By Amanda Tyler and Holly Hollman for The Christian Citizen
As the country mourns the loss of Supreme Court Justice Ruth Bader Ginsburg, we are inspired by the breadth of her legacy, both professional and personal. She has been rightly recognized for her landmark contributions in the fight for gender equality, both as an attorney and later as a jurist. Like many other women lawyers, we feel professionally indebted to her and count her among our heroes.
While not as prominent among her other contributions in the law, her record in support of religious liberty is strong. She rarely wrote in church-state cases, but her voice was clear and powerful in support of the separation of church and state in the opinions and dissents she authored. Her voting record is one that historic Baptists applaud. It reflects a strong appreciation of both religious liberty principles enshrined in our First Amendment: free exercise and no establishment. She consistently voted against government funding of religion and government-sponsored religious displays, while upholding the free exercise of religion.

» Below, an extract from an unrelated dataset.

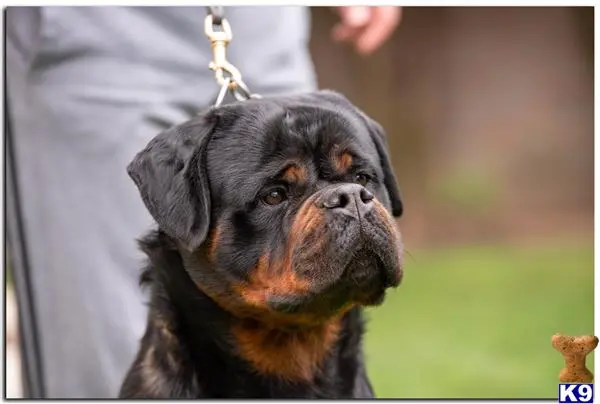 Rottweiler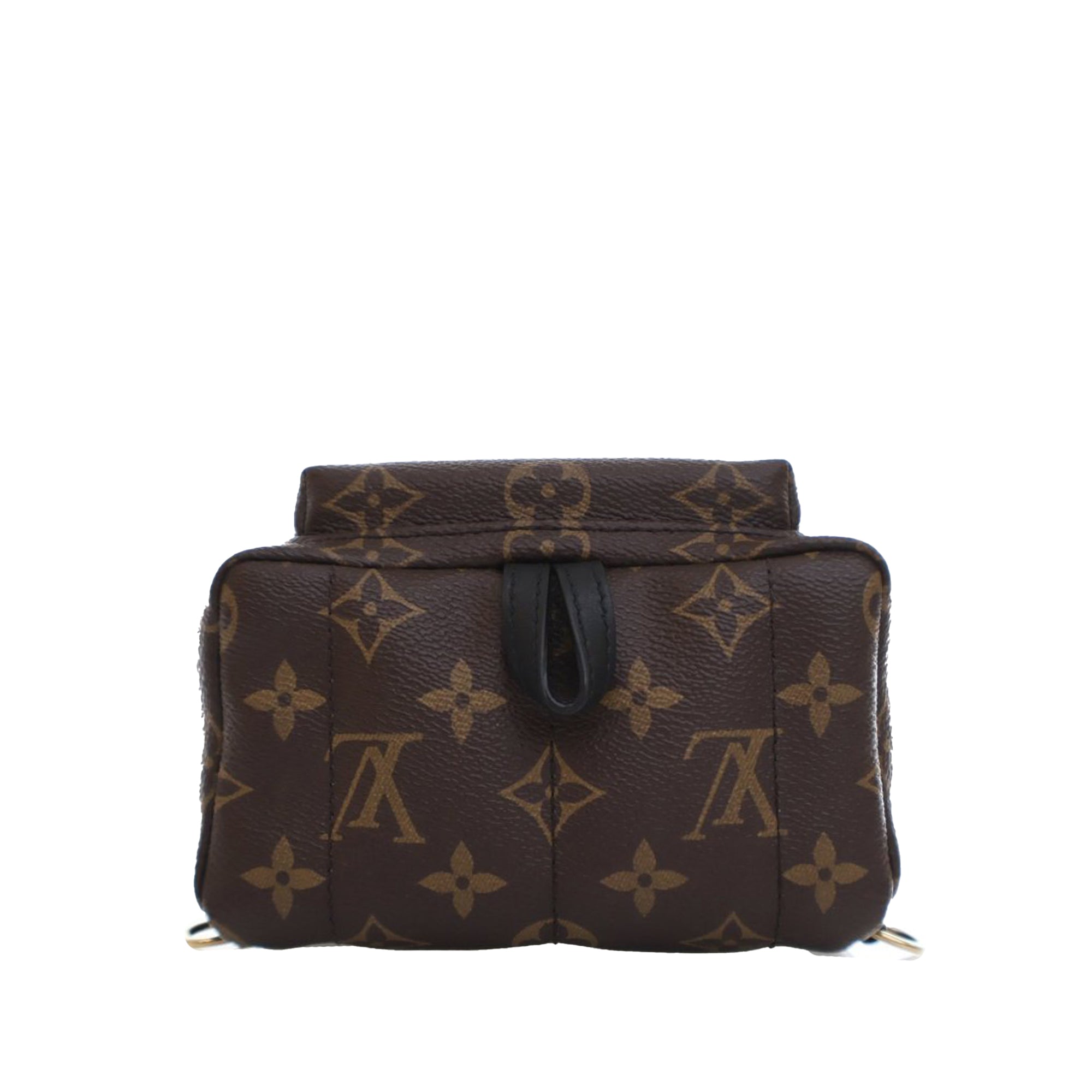 Louis Vuitton Monogram Mini Palm Springs - image 3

Her majority opinion in Cutter v. Wilkinson (2005) epitomizes her approach. The opinion she authored for a unanimous Court upheld the constitutionality of the Religious Land Use and Institutionalized Persons Act (RLUIPA), a landmark piece of religious freedom legislation that turns 20 today.
Baptist Joint Committee for Religious Liberty (BJC) led the diverse coalition in support of RLUIPA’s passage, which was part of a decade of back and forth efforts of the Supreme Court and Congress to settle on the proper legal standard for religious exemptions from generally applicable laws. RLUIPA, which passed with unanimous support in Congress in 2000, applies to all levels of government – federal, state and local – in two distinct areas: land use and government-run custodial institutions, such as prisons and immigrant detention centers. In those specific areas, RLUIPA says the government cannot impose substantial burdens on religious practice unless narrowly tailored to serve a compelling government interest.
RLUIPA’s protection for prisoners was challenged as an unconstitutional establishment of religion five years after its passage. In Cutter, the Court rejected the challenge and explained the balance of free exercise and no establishment concerns that best protects religious liberty.
Justice Ginsburg’s opinion for the Court acknowledged the precedent that held “there is room for play in the joints” between the Religion Clauses. That is, there is “some space for legislative action neither compelled by the Free Exercise Clause nor prohibited by the Establishment Clause.” The Court held that RLUIPA, which “does not differentiate among bona fide faiths,” is an accommodation of religion that fits into that space.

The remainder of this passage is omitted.